Orta Doğu Teknik Üniversitesi Rektör Yardımcısı Prof. Dr. Tülin Gençöz; gençlik ruh sağlığı alanında ODTÜ’de hizmet vermekte olan üç ayrı birim çalışmalarının niceliksel ve niteliksel değerlendirmeleri ile bu alana yönelik mevcut sorunları ve çözüm önerilerini dile getirdi.
Gazi Üniversitesi Öğretim Üyesi Prof. Dr. Zehra Arıkan; gençlik ruh sağlığında en önemli sorunlardan birisinin madde kullanım bozukluğu olduğunu ve madde kullanımının beyin yapısını değiştirerek ömür boyu sürecek ancak kontrol edilebilen bir duyarlılığa neden olduğunu belirterek, bu problemin iyi yanının önlenebilir bir bozukluk olması olduğunu ifade etti.

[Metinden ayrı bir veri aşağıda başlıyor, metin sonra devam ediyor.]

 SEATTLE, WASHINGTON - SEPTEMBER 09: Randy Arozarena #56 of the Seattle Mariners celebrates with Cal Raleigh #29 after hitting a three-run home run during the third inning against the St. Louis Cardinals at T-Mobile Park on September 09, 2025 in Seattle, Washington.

Selçuk Üniversitesi Öğretim Üyesi Prof. Dr. Yavuz Selvi; Yetişkinlerin yapması gerekenin doğru yolu göstermek değil, uygun şartları, güvenli ortamı sağlamak ve doğru yolda örnek olmak olduğunu belirtti. Daha sonra Bakanlık temsilcilerinin ülke genelinde yapılan faaliyetlere ve planlamalara yönelik bilgi verdi.
İçişleri Bakanlığı’ndan Daire Başkanı Ömer Ulu; uyuşturucuyla etkin mücadele çalışmalarının devam ettiğini belirtti.
Her iki oturum sonrası gerçekleştirilen soru-cevap bölümlerinde ise üniversitelerin araştırma merkez müdürleri ve STK temsilcileri görüşlerini belirttiler. Ayrıca oturum konuşmacıları tarafından katılımcılardan gelen sorular cevaplandırılırken karşılıklı fikir alışverişi yapılarak görüşülen konulara ilişkin değerlendirmelerde bulunuldu.